Supplied records:

◇ ◇ ◇ ◇ ◇

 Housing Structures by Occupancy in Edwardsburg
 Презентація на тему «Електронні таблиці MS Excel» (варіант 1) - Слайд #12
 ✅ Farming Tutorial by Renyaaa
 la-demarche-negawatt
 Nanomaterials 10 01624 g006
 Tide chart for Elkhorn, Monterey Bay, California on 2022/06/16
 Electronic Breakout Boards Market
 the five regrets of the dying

◇ ◇ ◇ ◇ ◇

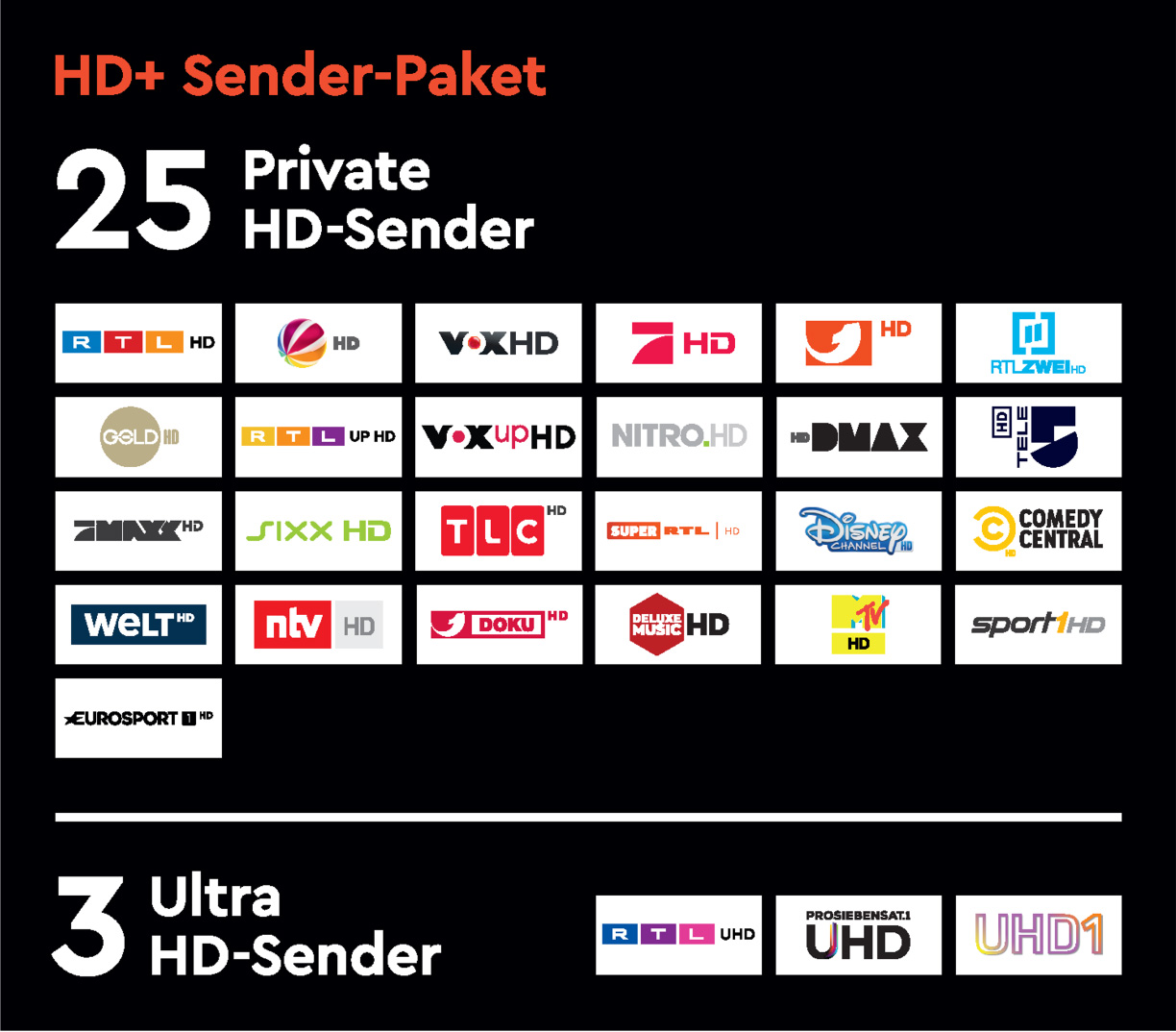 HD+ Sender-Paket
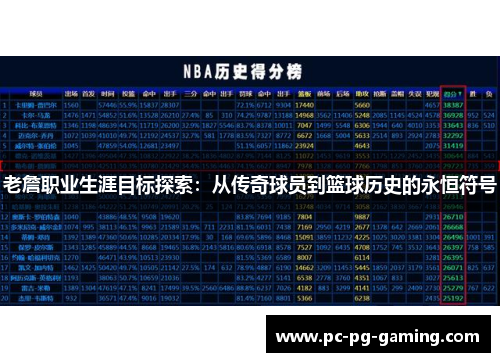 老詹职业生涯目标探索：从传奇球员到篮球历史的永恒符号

◇ ◇ ◇ ◇ ◇

What the task requires: Above are records; repeat only the lines starting at the line with "Housing Structures by" and ending at the line with "the five regrets of the dying", exactly as they appear, both included.

Exercise answer:
 Housing Structures by Occupancy in Edwardsburg
 Презентація на тему «Електронні таблиці MS Excel» (варіант 1) - Слайд #12
 ✅ Farming Tutorial by Renyaaa
 la-demarche-negawatt
 Nanomaterials 10 01624 g006
 Tide chart for Elkhorn, Monterey Bay, California on 2022/06/16
 Electronic Breakout Boards Market
 the five regrets of the dying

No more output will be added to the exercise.